Instructions to follow: Reproduce only the lines below from the line containing "Leśne Wzgórze Apartamenty客房内的一张或多张床位" to the line containing "Crumbling statue - Ancient", exactly as written, with both end lines kept. Omit the pictures.

Data supplied:
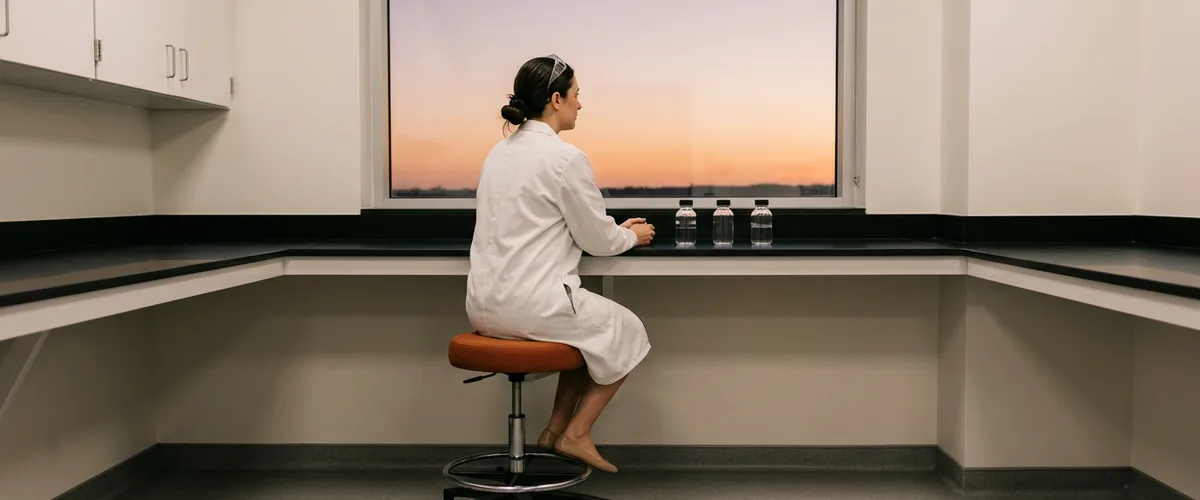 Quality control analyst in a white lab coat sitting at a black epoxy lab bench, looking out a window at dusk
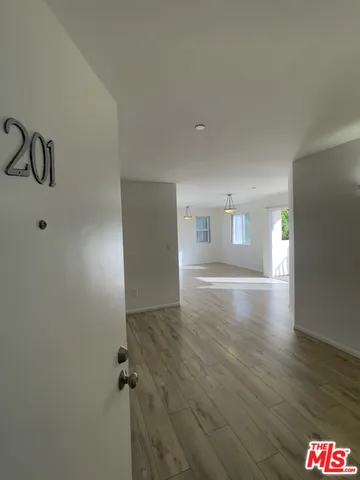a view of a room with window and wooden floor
==
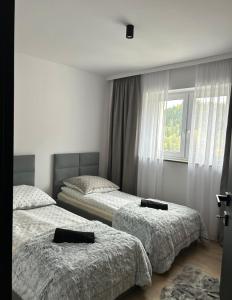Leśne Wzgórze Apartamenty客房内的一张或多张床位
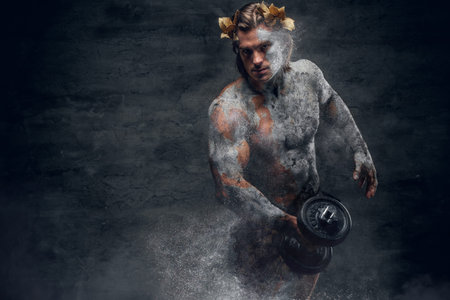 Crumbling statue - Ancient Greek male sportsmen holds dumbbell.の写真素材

Response to this task:
Leśne Wzgórze Apartamenty客房内的一张或多张床位
 Crumbling statue - Ancient Greek male sportsmen holds dumbbell.の写真素材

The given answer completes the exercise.